Nous voyons davantage de conflits dans les pays dont les institutions sont affaiblies, où les ressources ne sont pas gérées de manière durable, où la législation ne prévoit pas une répartition équitable de l’eau. Le changement climatique aggrave la situation. Les ressources en eau de la planète – surtout les fleuves – traversent souvent des frontières. Dix pays africains se partagent les eaux du Nil, le Colorado marque la frontière entre les États-Unis et le Mexique. Tous les grands fleuves d’Europe sont exploités en commun par deux pays ou plus. Il y a moins de risque qu’un conflit éclate là où il existe des accords sur le partage des ressources en eau, où elles sont équitablement réparties entre les pays, où les institutions chargées de gérer leur utilisation sont plus solides.

De nombreux pays utilisent les cours d’eau qui traversent des frontières – en particulier les fleuves – comme moyen de pression dans les négociations internationales. Les pays en amont sont clairement en position de force.
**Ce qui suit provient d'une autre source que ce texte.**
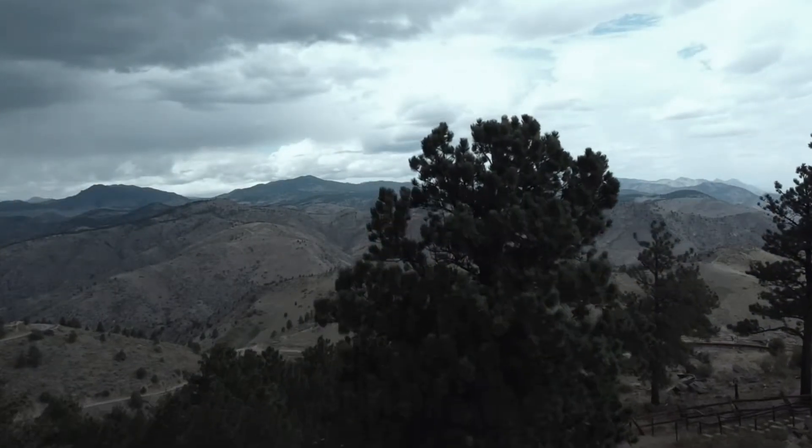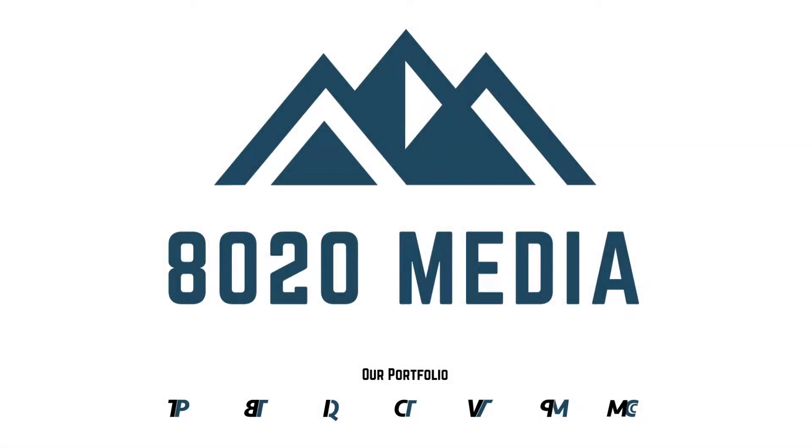Hey everyone, this is Zach with 8020 Media here today with a video on why your car is making clicking sounds while trying to crank or turn the engine on. When it comes to a clicking sound while attempting to start your engine, this usually boils down to an electrical problem — something with the battery, alternator, cables, or the starter motor.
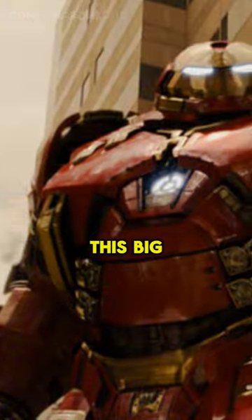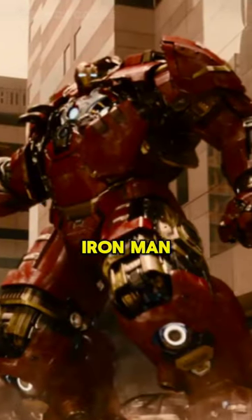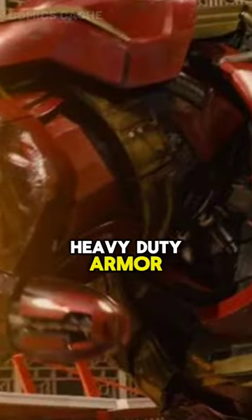Number 2: Hulk Buster Suit. This big guy was built to take on the Hulk himself. It's like a giant Iron Man suit on steroids, with super strength and heavy-duty armor.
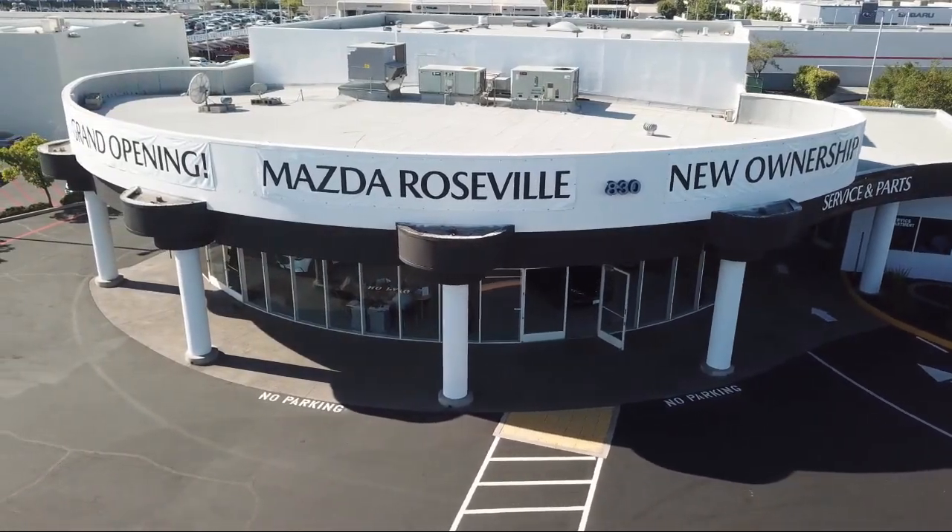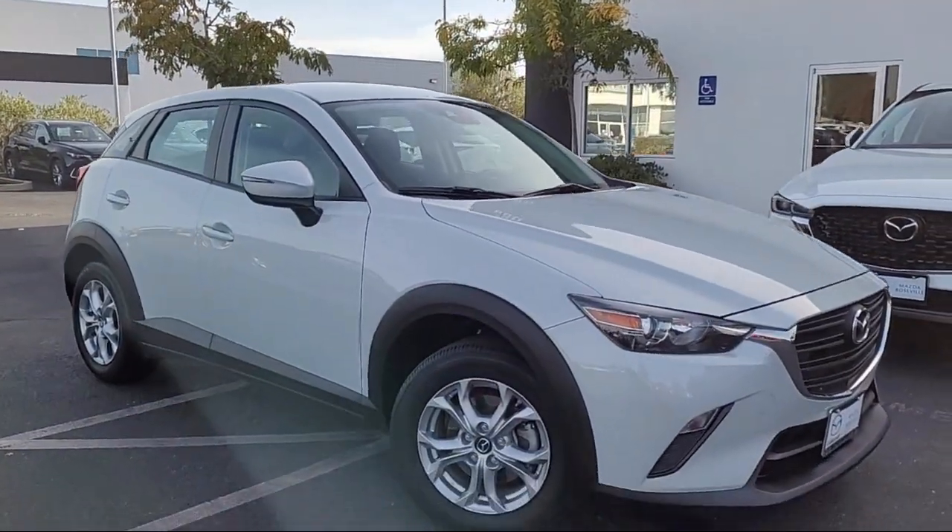Welcome to Mazda Roseville, and here's a look at another one of our great vehicles from our inventory.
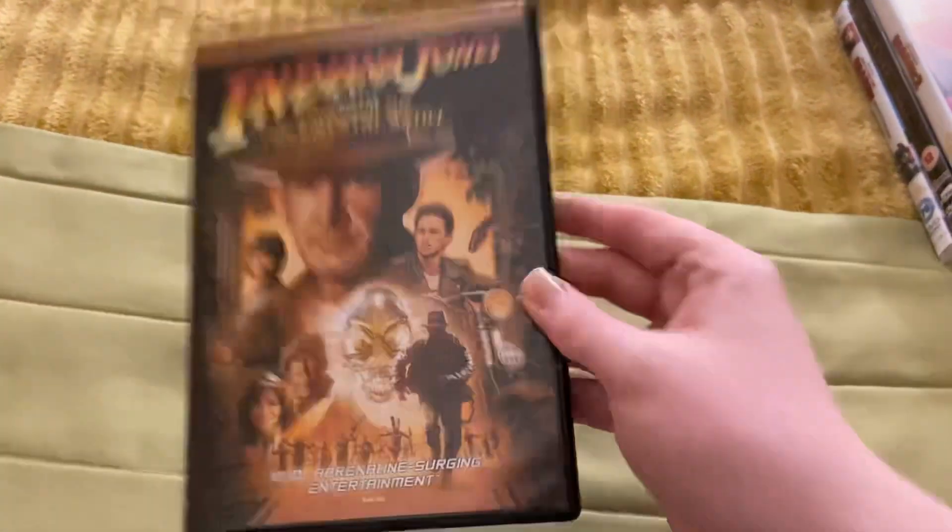Hi guys, so I'm going to be showing you my Cape Blank Jet DVD collection. I'll start — the first one is Indiana Jones and the Kingdom of the Crystal Skull. This came out in 2008. Here's the front.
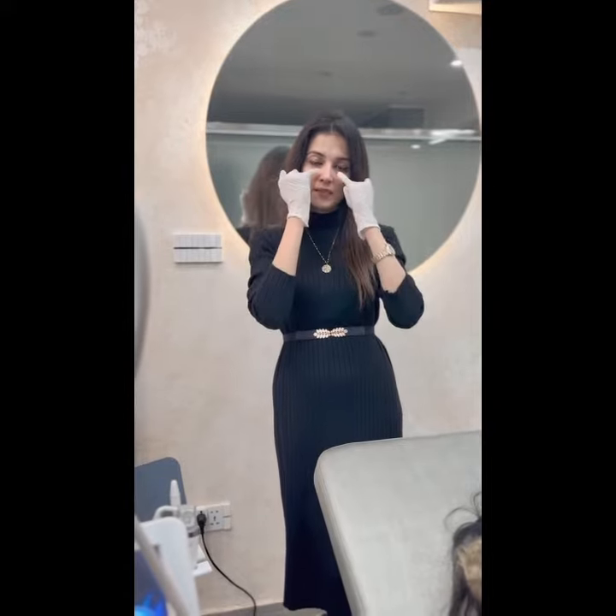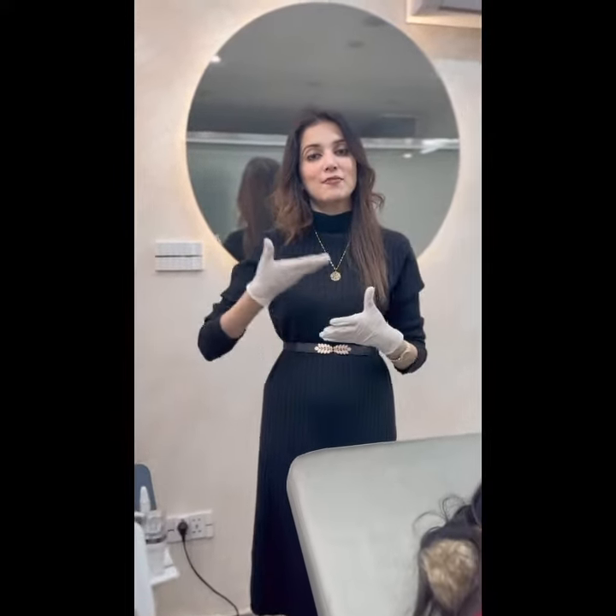Sometimes under the skin, in the under-eye area, it starts to become a depth — a tear trough, which is called tear trough. Tear trough is a treatment where we fill it with fillers and fat grafting, which will quickly improve your under-eye area and it starts to get a lifting and glowing effect.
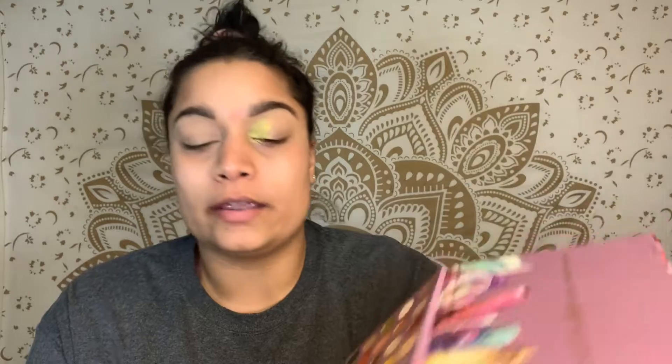Next, I think I'm going to use this shadow right here and put that right in the middle. I'm just gonna blend those two colors together.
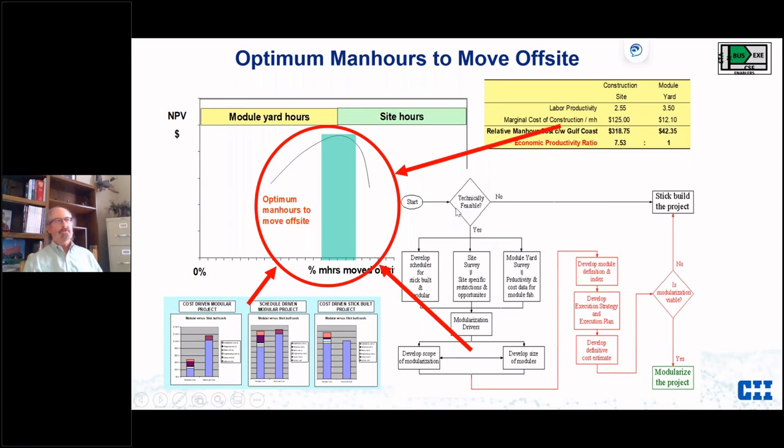Along with the Economic Productivity Factor, you go through the 12-step index process and account for different costs that are added, determining the best number and size of modules. You add it all together to come up with an optimum man-hours-to-move-off-site figure. Again, you're talking with a lot of people — schedule, cost, engineering, construction, the ultimate owner, O&M — and you bring them in as early as you can.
La Convention des Nations Unies sur le droit relatif aux utilisations des cours d’eau transnationaux demande explicitement que les pays situés en aval bénéficient d’un accès sécurisé à l’eau. Les pays en amont doivent échanger des informations et des données avec les pays en aval. Les conventions qui fixent les droits et les obligations de tous les États riverains d’un fleuve international commun facilitent la coopération. Nous le voyons dans le cas de l’Indus, du Colorado, du Rhin.

Malheureusement, pour de nombreux fleuves, il n’existe toujours pas de convention reconnue. Lorsque les pays en amont refusent un accord, c’est la porte ouverte aux conflits. Comme la Turquie n’a jamais voulu négocier une convention formelle exhaustive sur les fleuves Tigre et Euphrate, cela crée des tensions avec la Syrie, l’Irak et l’Iran. L’Égypte et le Soudan ont conclu en 1959 une convention sur le Nil, mais les pays situés en amont ne l’ont jamais adoptée. L’Éthiopie a construit un grand barrage qui risque d’impacter le débit du fleuve en direction de l’Égypte, et c’est devenu un motif de discorde. La situation s’améliorerait grandement si les parties s’accordaient sur la répartition des ressources limitées du Nil. Les conflits pour l’eau ne se résolvent que par la coopération.

Comment faire cesser ces conflits ?

Les conflits sont souvent liés aux conditions économiques : on peut les atténuer en fournissant alimentation et ressources agricoles pour diminuer les coûts de la sécheresse. Il faut également privilégier la résolution diplomatique des désaccords. La communauté internationale doit en faire davantage pour protéger les populations civiles et les infrastructures d’approvisionnement en eau. Des lois ont certes été instaurées pour garantir cette protection, mais elles n’ont jamais été appliquées de manière adéquate par les juridictions pénales internationales. Le plus important est de veiller à ce que tous les êtres humains aient accès à une eau salubre et à des installations sanitaires. Satisfaire ces besoins fondamentaux – ce que garantit le droit à l’eau – pourrait être la solution pour ramener la paix dans de nombreux conflits liés à l’eau.